Met verrukking sprak hij van de verheven landschappen en van zijn verblijf te Basel, waar hij met belangstelling de werken van ERASMUS had bezichtigd. Hij had ook de valleien van Piemonte willen bezoeken, waar zijn oudste zuster, gehuwd met den heer DANIEL REVEL, sedert vele jaren woonde. Maar dat kwam er niet meer van.

Reeds noemde ik zijn zwakke gezondheid. In zijn jeugd en de eerste jaren van zijn dienst en in Zuilen was hij gezond. Maar na zijn komst naar Monnikendam in 1839, sloeg de landziekte toe. Een koorts die wel telkens verdreven werd, doch telkens opnieuw terugkeerde. Zijn gestel had veel geleden en de verplaatsing naar Assen, waar hij 30 November 1845 bevestigd werd, was goed voor hem. Wel kostte het hem veel om Monnikendam te verlaten, waar hij met zegen had gewerkt en zijn vele vrienden daar te moeten missen. Hoewel hij minder krachtig was dan weleer, kon hij in de eerste tien jaren in Assen echter zijn werk ongehinderd verrichten, en hij deed veel.

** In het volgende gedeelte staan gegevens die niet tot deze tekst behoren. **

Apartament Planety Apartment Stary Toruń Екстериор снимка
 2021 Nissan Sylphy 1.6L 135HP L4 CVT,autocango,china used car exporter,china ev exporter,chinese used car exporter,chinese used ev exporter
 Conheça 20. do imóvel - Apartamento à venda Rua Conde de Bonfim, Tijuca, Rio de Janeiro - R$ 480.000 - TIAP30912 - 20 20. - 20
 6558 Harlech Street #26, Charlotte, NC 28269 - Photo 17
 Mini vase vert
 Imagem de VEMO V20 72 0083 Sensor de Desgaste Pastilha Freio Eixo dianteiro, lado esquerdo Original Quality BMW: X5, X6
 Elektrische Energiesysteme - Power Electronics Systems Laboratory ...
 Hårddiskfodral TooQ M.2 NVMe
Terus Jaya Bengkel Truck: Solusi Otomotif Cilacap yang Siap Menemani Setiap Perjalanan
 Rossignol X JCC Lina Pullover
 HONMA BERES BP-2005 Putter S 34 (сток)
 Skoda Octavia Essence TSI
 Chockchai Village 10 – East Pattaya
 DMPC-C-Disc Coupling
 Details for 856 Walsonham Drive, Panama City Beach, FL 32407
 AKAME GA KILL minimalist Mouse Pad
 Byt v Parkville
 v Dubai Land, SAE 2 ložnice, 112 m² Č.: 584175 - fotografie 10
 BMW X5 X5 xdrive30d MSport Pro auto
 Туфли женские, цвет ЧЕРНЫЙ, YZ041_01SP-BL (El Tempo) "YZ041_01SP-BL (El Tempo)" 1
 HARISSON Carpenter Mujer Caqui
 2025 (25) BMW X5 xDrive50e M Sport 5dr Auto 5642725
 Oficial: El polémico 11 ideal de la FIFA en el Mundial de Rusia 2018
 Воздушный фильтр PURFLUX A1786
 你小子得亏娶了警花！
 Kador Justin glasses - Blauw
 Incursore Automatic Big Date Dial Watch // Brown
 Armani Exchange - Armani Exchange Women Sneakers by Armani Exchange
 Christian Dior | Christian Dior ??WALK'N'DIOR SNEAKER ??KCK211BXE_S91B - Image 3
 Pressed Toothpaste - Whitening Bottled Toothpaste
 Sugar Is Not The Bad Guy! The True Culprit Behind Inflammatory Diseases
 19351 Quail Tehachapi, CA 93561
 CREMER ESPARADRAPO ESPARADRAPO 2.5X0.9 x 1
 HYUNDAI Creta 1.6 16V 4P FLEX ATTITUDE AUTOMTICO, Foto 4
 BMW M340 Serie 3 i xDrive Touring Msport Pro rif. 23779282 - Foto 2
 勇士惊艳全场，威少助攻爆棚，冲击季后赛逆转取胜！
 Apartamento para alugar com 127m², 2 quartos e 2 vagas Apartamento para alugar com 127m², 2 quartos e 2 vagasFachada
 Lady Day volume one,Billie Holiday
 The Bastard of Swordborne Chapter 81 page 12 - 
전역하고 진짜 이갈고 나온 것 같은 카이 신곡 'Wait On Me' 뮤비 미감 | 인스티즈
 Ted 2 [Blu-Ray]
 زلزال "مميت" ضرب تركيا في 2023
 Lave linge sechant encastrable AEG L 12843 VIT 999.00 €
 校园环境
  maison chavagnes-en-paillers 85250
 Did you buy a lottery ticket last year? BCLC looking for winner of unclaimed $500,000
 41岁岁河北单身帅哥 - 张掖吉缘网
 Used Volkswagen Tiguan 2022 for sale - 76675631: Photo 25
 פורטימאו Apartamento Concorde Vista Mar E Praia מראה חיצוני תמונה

Hij gaf in 1850 in ’t licht een werk, getiteld: de oude Kerk te Assen, wat hij na nauwkeurig onderzoek van de in het Archief bewaarde stukken, bewerkte en daardoor menige bijzonderheid over den godsdienstige en zedelijke toestand van Drenthe in vroeger dagen, en over de kloostergeschiedenis te Assen aan ’t licht bracht. (NOOT) De aanleiding tot dit werk was de taak, hem opgedragen, om de voorganger te zijn, toen er voor de laatste maal in de oude kerk te Assen, de voormalige kloosterkerk, dienst zou worden gedaan.

Hij wees aan, hoe die aloude kloosterstichting in het schier onbewoonde Drenthe den grondslag legde voor de ontginning en bevolking van ’t gewest en een zegen voor die tijden te noemen is; hoe de Drentenaars steeds een afkeer hadden van priesterheerschappij en naar onafhankelijkheid streefden, maar wegens de zwakheid van hun krachten menigmaal niet zeer eerlijke middelen bezigden in omstandigheden die de Drent wantrouwend, sluw en wraakzuchtig maakten, waarvan hij zelfs in vele Drentse spreekwoorden en oude rijmen het bewijs levert. Hij schetst met levendige kleuren al de jammeren, waaraan dit gewest in de eerste jaren van den opstand tegen Spanje bloot stond, en hoe het daarna tegenover Groningen en zijn Stadhouder zijn zelfstandigheid handhaafde. Hoe hier altijd een geest van vooruitgang was, die eindelijk triomfeerde.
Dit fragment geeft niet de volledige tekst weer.